(Data shown Opens)

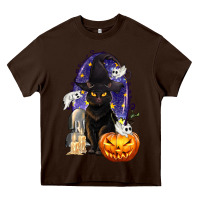 Chocolate Brown Halloween Cat and Pumpkin Heavy Core Tee - texasbilliewilder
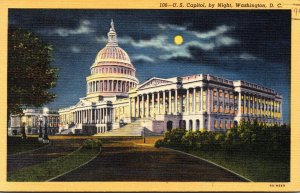 Washington D C United States Capitol At Night 1949 Curteich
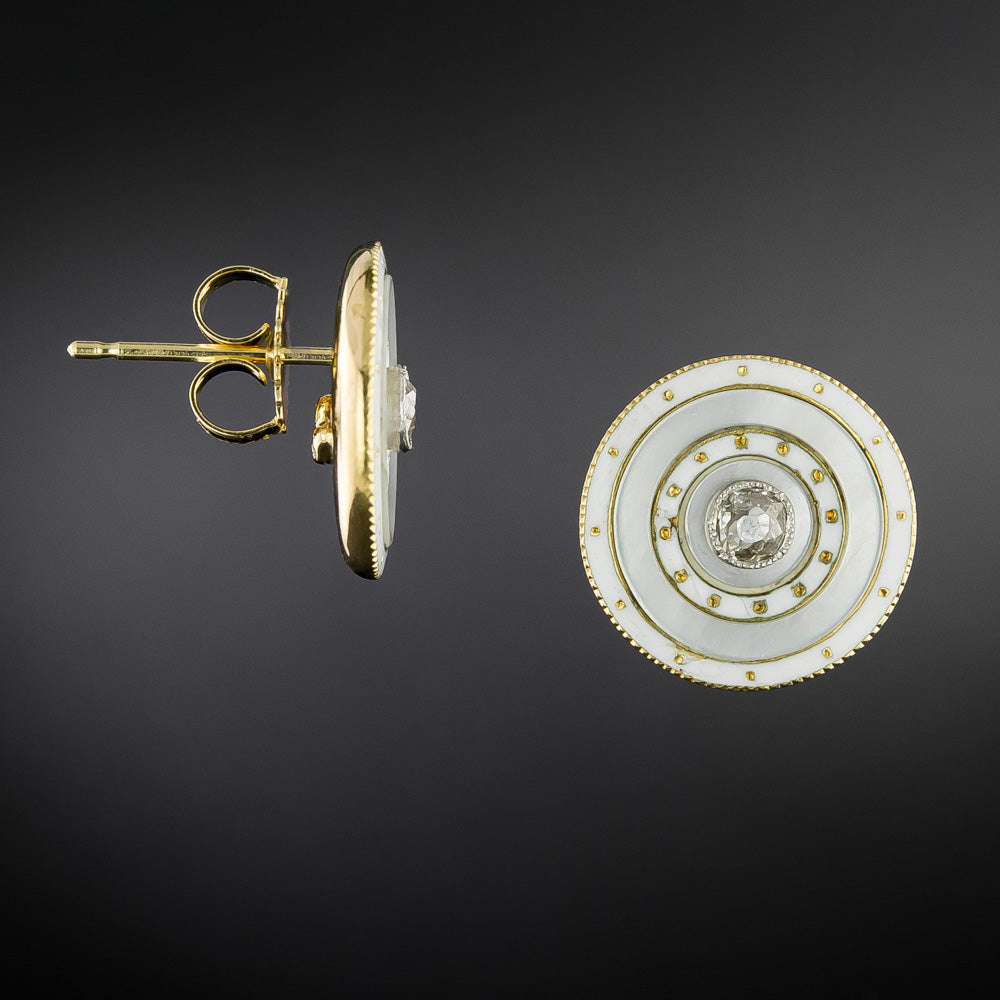 Art Deco Mother-of-Pearl, Enamel and Diamond Earrings - 3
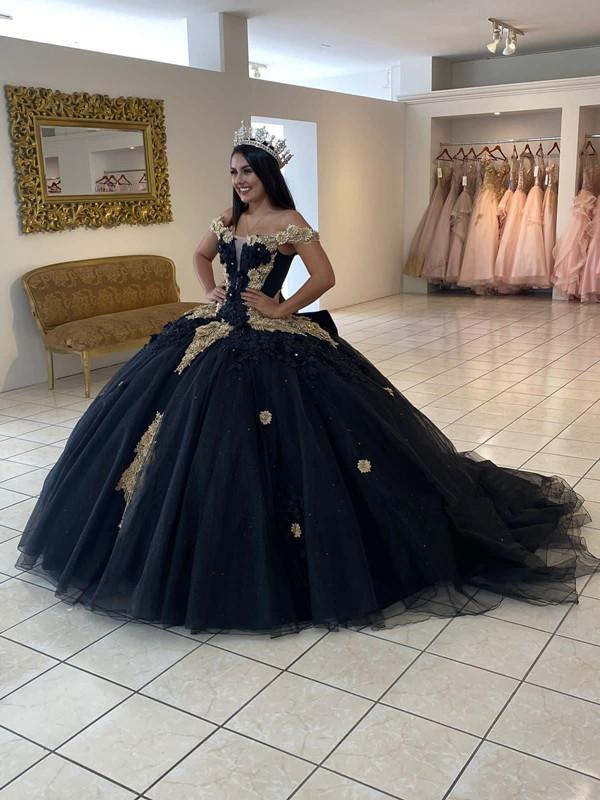 Vintage Black Ball Gown Quinceanera Dresses Vestidos De 15 Anos Glitter Sequins Lace Appliques Birthday Princess Party Gowns Bow Off The Shoulder Swee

(Data shown Closes)

Exercise objective: In the data above, find the line containing "Art Deco Mother-of-Pearl, Enamel", then output it and every later line exactly, without the pictures.

Written solution:
 Art Deco Mother-of-Pearl, Enamel and Diamond Earrings - 3
 Vintage Black Ball Gown Quinceanera Dresses Vestidos De 15 Anos Glitter Sequins Lace Appliques Birthday Princess Party Gowns Bow Off The Shoulder Swee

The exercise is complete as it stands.